Wieso, weshalb warum?
Schülerin lernt als Kind japanisch – nur so zum Spaß
Schon als Kind fiel ihre Neugierde und ihr Tatendrang auf: Wie sieht es im Inneren von Eiern aus? Warum fällt alles nach unten? Wieso können Steine nicht schwimmen? Fragen über Fragen und Kim Krüsemann wollte auf alles eine Antwort. Das war nicht immer leicht für Kims Eltern, denn fiel die Antwort nicht befriedigend für Kim aus, begab sie sich selbst auf Forschungsreise – und wo und wie das bei der Untersuchung des Inneren eines Eis endete, kann sich jeder denken.

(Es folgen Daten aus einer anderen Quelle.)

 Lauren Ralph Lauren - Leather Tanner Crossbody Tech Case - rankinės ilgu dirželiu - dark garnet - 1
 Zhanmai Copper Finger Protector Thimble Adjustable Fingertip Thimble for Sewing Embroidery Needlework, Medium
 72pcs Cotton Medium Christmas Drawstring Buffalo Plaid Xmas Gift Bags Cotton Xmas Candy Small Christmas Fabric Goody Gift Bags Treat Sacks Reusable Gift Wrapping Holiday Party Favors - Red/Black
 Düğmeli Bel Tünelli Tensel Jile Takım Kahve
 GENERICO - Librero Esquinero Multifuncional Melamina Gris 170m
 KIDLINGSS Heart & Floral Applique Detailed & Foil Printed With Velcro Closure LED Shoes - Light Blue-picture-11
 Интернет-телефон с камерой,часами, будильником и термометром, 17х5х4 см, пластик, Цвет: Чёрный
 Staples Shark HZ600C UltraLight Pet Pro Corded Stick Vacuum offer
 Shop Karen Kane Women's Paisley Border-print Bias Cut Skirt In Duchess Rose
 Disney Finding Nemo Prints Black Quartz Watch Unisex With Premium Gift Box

Diese Neugierde und diesen Tatendrang hat Kim sich erhalten. Alles Neue und ihr Fremde war spannend und schon früh kam sie mit anderen Kulturen in Berührung. Eine Tante in Südafrika, Freunde der Eltern in den USA und dann diese vielen japanischen Kinder in ihrem Umfeld. Mit einigen freundete sie sich an, verbrachte viel Zeit mit ihnen und deren Eltern. Und so hat es denn nicht wirklich jemanden überrascht, dass Kim mit 12 Jahren beschloss, japanisch zu lernen. Mit einem Sprachkurs auf CD und einem dicken Wörterbuch bildete sie sich 2 Jahre autodidaktisch weiter, bis sie merkte, dass sie nun Hilfe brauchte. Sie drängelte so lange, bis sie schließlich als jüngste Teilnehmerin mit 14 Jahren an einem Volkshochschulkurs teilnehmen durfte. Zweieinhalb Jahre schuftete sie hier und lies keinen Unterricht aus.
Und dann kam die Fußballweltmeisterschaft 2006 in Deutschland und mit diesem Ereignis die Presse aus aller Welt. So auch ein japanisches Fernsehteam. Und da den Tüchtigen das Glück gebührt, lernte sie über eine Freundin die japanischen Fernsehleute kennen. „Ich zog dann mit denen einige Wochen durch Deutschland und konnte dabei natürlich meine Sprachkenntnisse anwenden“, erklärt Kim stolz, „und das fanden die natürlich gut.“ Und zwar so gut, dass sie sie nach Tokyo einluden. Im Sommer 2007 konnte Kim ihren Traum verwirklichen und verbrachte eineinhalb Monate in Japan, vorwiegend in Tokyo. Und wieder begleitete sie das Fernsehteam, diesmal als Expertin für deutsche Themen. Viel gelernt hat sie in dieser Zeit und zwar nicht nur weitere Feinheiten der Sprache, sondern vor allem über die japanische Kultur. „Der Umgang mit einander ist ganz anders, als in Deutschland“, erklärt Kim. „Die Leute sind sehr viel höflicher und respektvoller untereinander. Das ist schon beeindruckend.“
Jetzt verbringt Kim Krusemann ihre Zeit verwiegend am Hans-Böckler-Berufskolleg und zwar in der 11ten Klasse des beruflichen Gymnasiums Kunst/ Englisch. Da ist zwar Japanisch kein Unterrichtsfach, dafür kann sie aber ihre Englischkenntnisse und Medienerfahrung sehr gut in den Unterricht einbringen. Aber natürlich ist der nächste Japanbesuch schon in Planung – spätestens nach dem Abitur. Wir wünschen schon mal gute Reise oder wie der Japaner sagt: Oki o tsukete irasshite kudasai!